__How to complete this task__
Lines that include "full" make up the answer; copy all of them from the data below.

__Source records__
[Start of section]

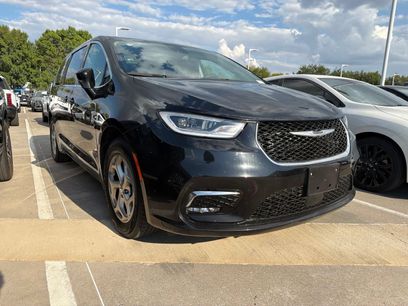 Used 2024 Chrysler Pacifica Limited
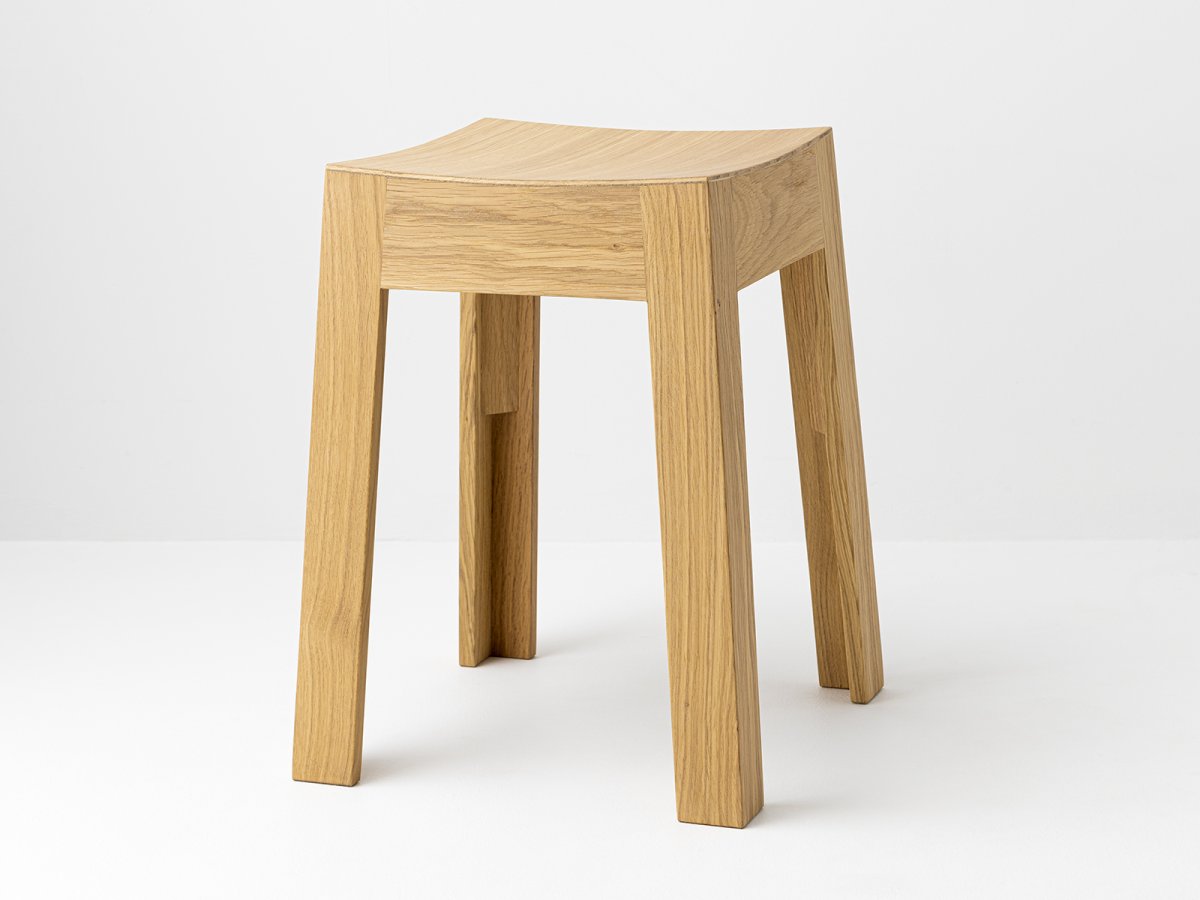 Mobilier en chêne massif : tabouret MiniWak et table basse Anouk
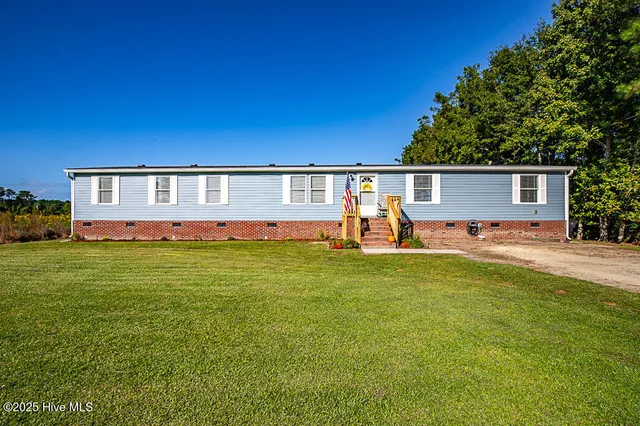 $269,000 | 645 Highway 70 Bettie, Beaufort, NC 28516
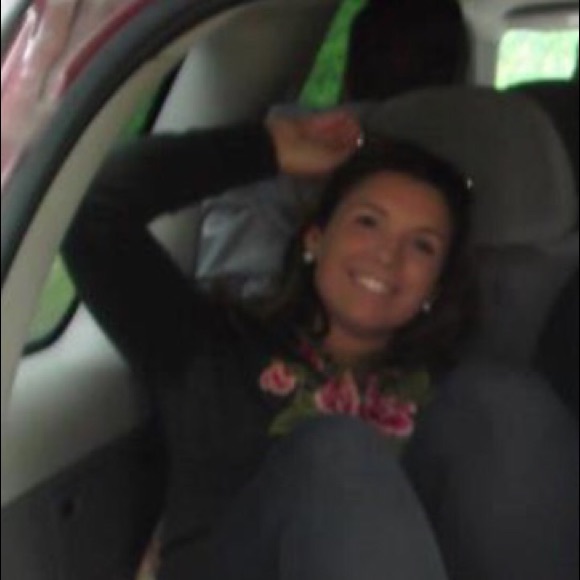 Meet your Posher, Victoria - Picture 1 of 1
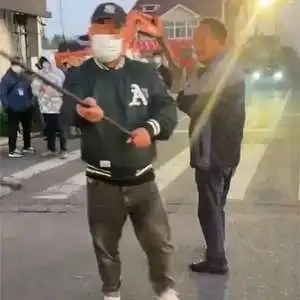 网传江苏东台一省道旁多名戴口罩男子持棍打人派出所确有此事,打人者已被抓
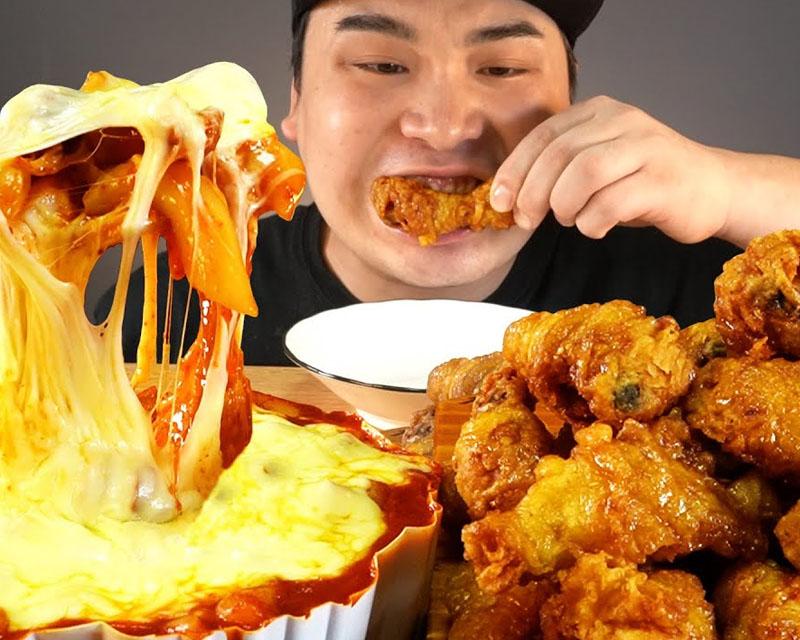 ยอบต๊อกบกกี + ไก่ฮันนี่คอมโบ(엽떡+허니콥보)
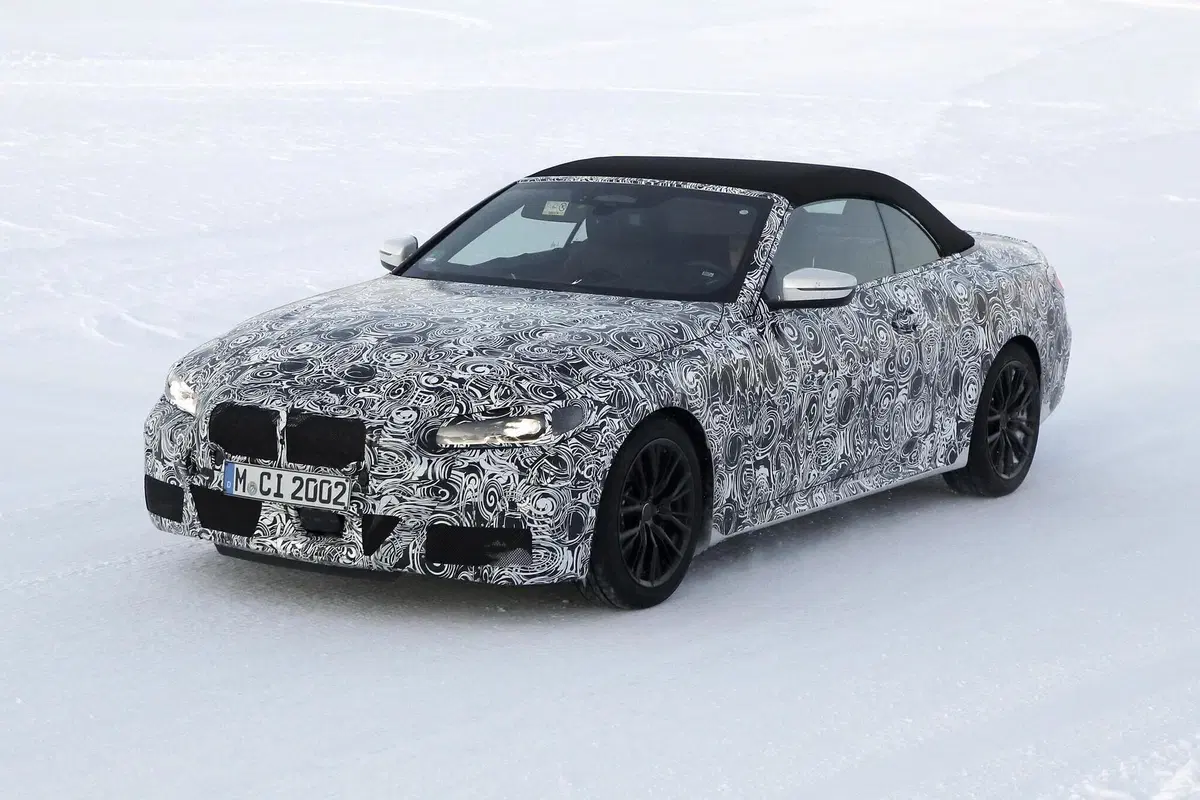 Nuova BMW Serie 4: avvistata con la maxi griglia [Foto spia] (14)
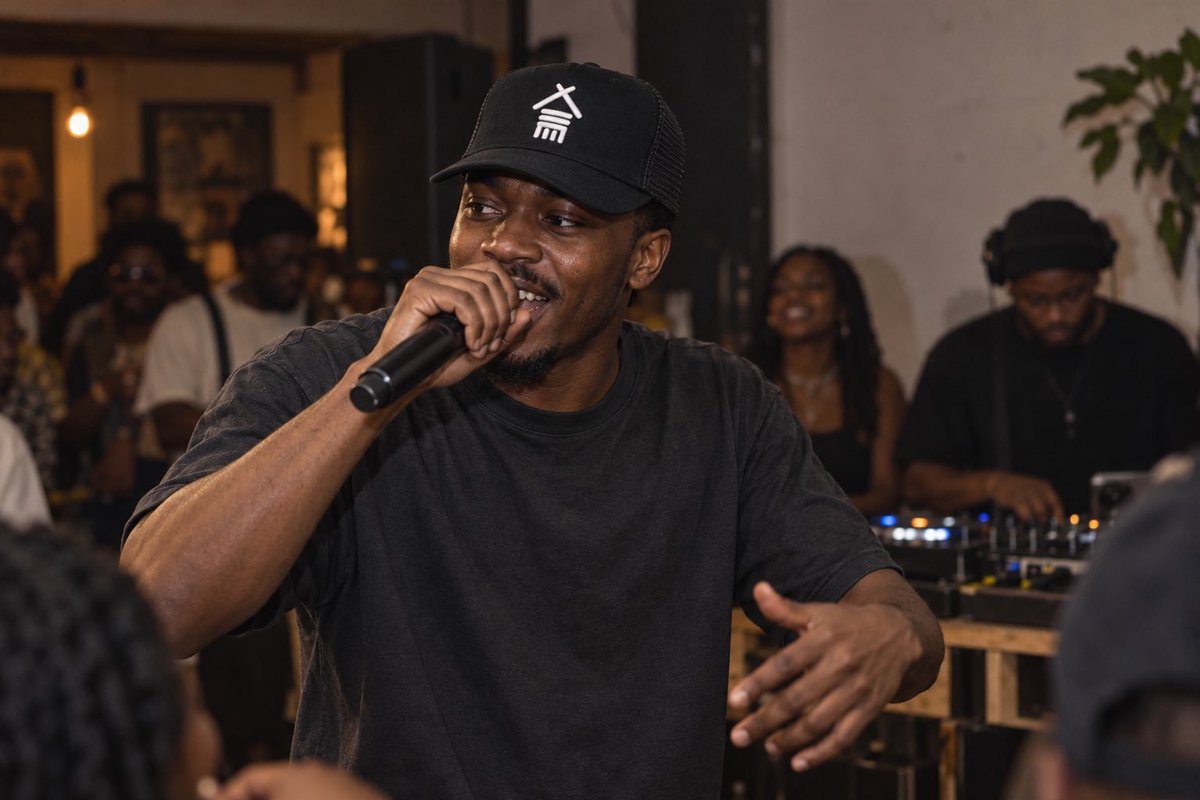 234collectives's tweet photo. THE PERSON MOVING THE ROOM IS NOT BACKGROUND NOISE. 

Reading the crowd. Knowing when to come in and when to let the music breathe. Turning a room full of strangers into people moving together takes craft.

Read the full piece here https://t.co/uk66mfZ3gH https://t.co/zppSvMVPbY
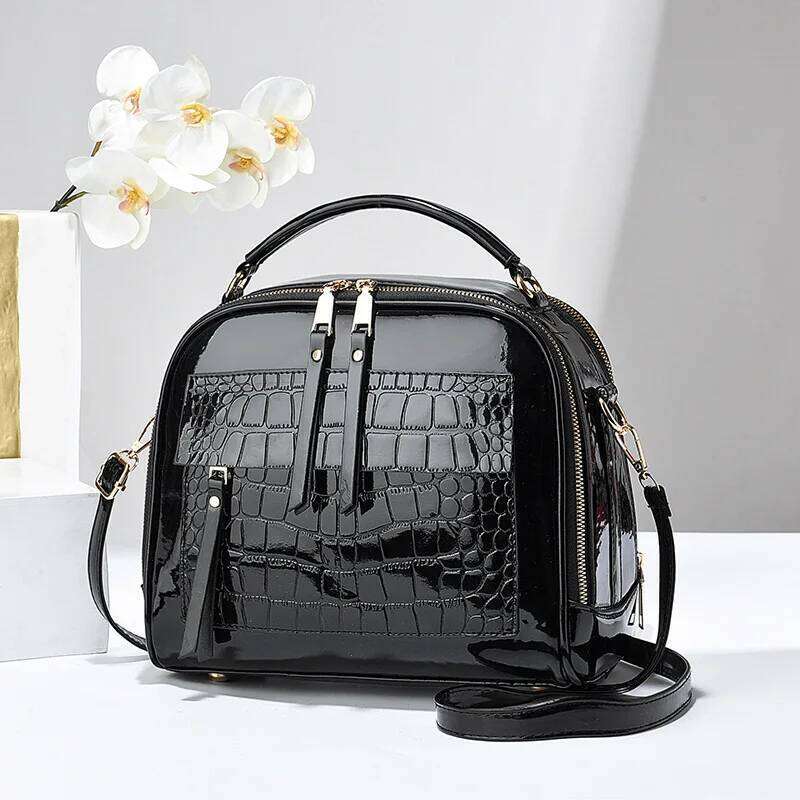 Trendy Capacity Portable Womens Bag Black Design High Quality Bright Leather Ladies Handbags Large Casual Crossbody Bags
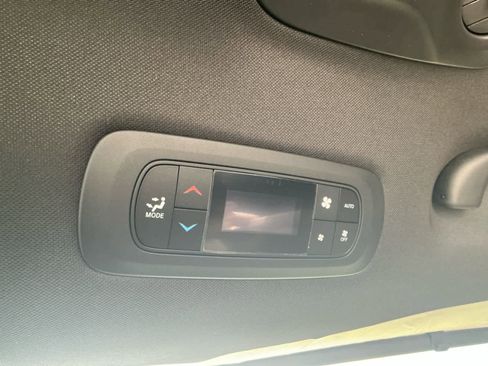 New 2025 Chrysler Voyager LX image 24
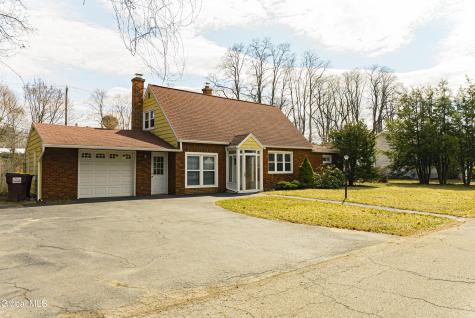 2983 Nancy Lane Schenectady NY 12303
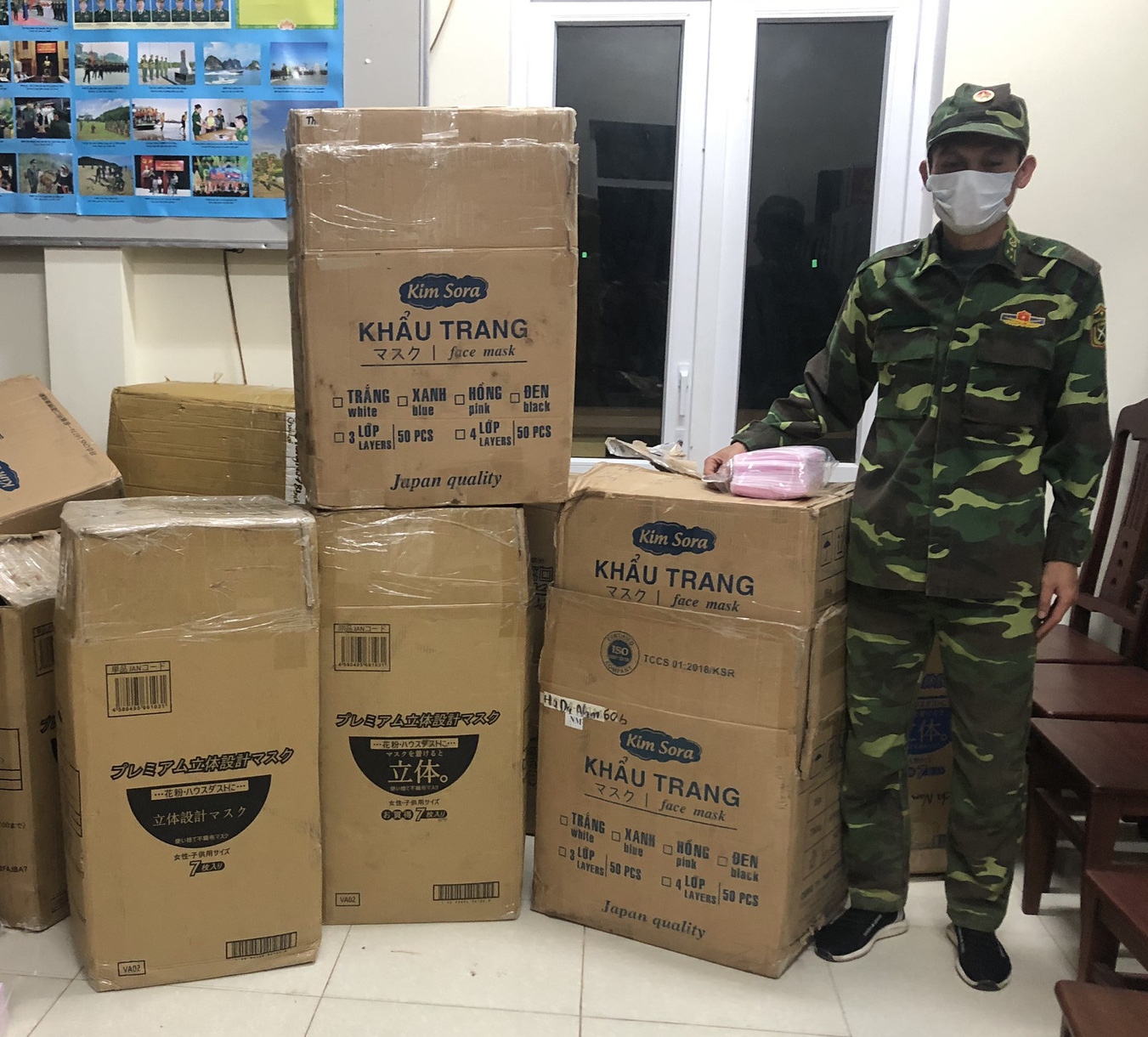 Bất ngờ bên trong các thùng carton "bỏ rơi" nơi biên giới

[End of section]

__Answer for this exercise__
Reading the crowd. Knowing when to come in and when to let the music breathe. Turning a room full of strangers into people moving together takes craft.
Read the full piece here https://t.co/uk66mfZ3gH https://t.co/zppSvMVPbY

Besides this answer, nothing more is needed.